- INPUT DATA -
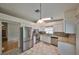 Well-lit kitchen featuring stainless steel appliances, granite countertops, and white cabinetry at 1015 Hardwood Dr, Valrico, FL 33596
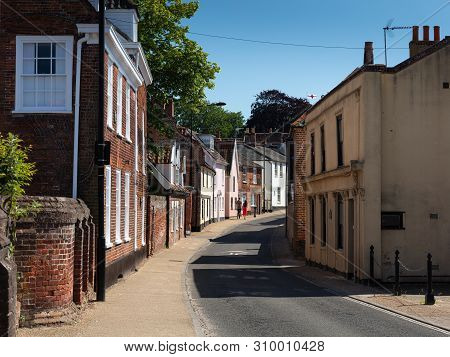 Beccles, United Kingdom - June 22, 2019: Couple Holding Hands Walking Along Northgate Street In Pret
---
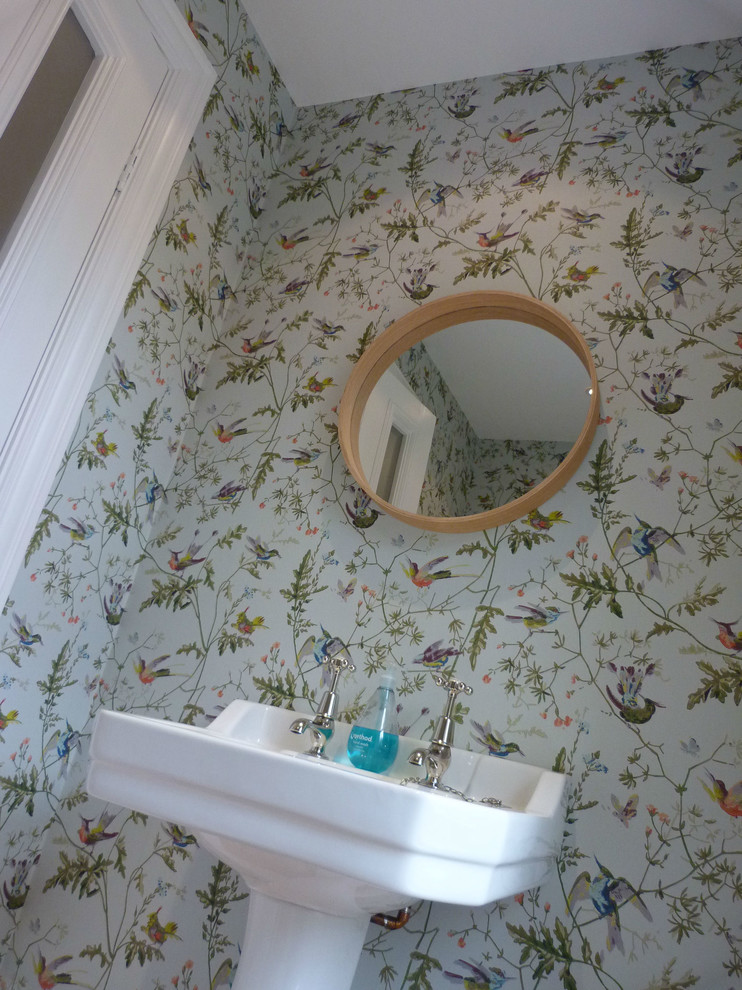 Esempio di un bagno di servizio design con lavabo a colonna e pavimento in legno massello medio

- TASK DIRECTIONS -
Nothing but the lines from the one with "Well-lit kitchen featuring" to the one with "Beccles, United Kingdom" above, both included, should be transcribed, exactly and without pictures.

- RESPONSE AREA -
 Well-lit kitchen featuring stainless steel appliances, granite countertops, and white cabinetry at 1015 Hardwood Dr, Valrico, FL 33596
 Beccles, United Kingdom - June 22, 2019: Couple Holding Hands Walking Along Northgate Street In Pret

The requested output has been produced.